Collega verpleegkundige Wilma Koops schrijft elke 14 dagen een blog.
“Ik heb slaappillen ingenomen. Ik zie het leven niet meer zitten. Er ligt een brief met uitleg over de financiën op het bureau. Ik hou van jullie.” De zoon van deze meneer heb ik al vroeg aan de telefoon vandaag en hij vertelt me dat zijn vader hem dit gisteravond geappt heeft. Hij is vooral boos, omdat zijn vader zijn huwelijk op het spel heeft gezet. Toen dat bekend werd, probeerde hij een eind aan zijn leven te maken. “Langskomen in het ziekenhuis gaat echt niet gebeuren hoor, hij zoekt het maar uit!” Toch vervolgt hij bezorgd met: “Maar hij komt er toch wel weer bovenop?”

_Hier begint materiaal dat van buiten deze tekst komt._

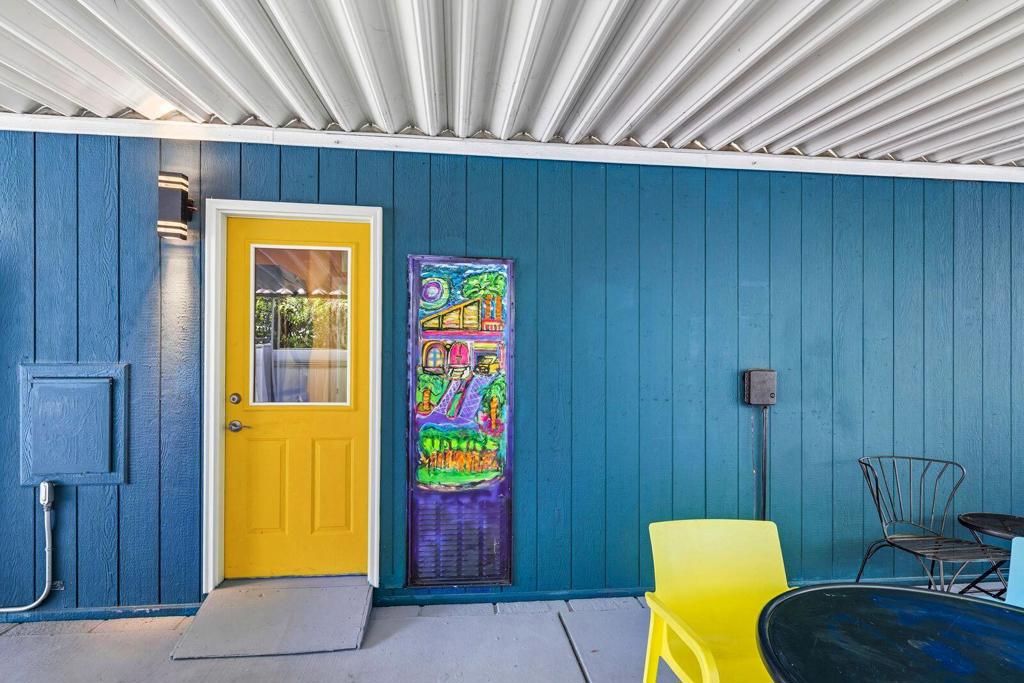 Palm Canyon Mobile C - Manufactured In Park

Ik zie een man in bed liggen die niet wakker te krijgen is. Ook op pijnprikkels reageert hij niet. Ik ruik een behoorlijke alcoholwalm. Meneer vergeet soms te ademhalen en dan dipt zijn zuurstofgehalte naar 80%. De ethanolspiegel van 2,8 is hier onder andere de oorzaak van en zorgt voor een hoge slaapbehoefte. De man is flink geïntoxiceerd; niet wetende wat en hoeveel hij precies ingenomen heeft, is de monitor een vereiste om direct te kunnen ingrijpen wanneer zijn situatie verslechtert. Hij ligt in zijn eigen braaksel en samen met een collega probeer ik hem en zijn bed een beetje op te frissen. Normaal gesproken worden mensen van het getrek en gedraai in bed wel wakker, maar van deze man krijgen we geen enkele respons. Het zal nog wel even duren voordat hij wakker wordt.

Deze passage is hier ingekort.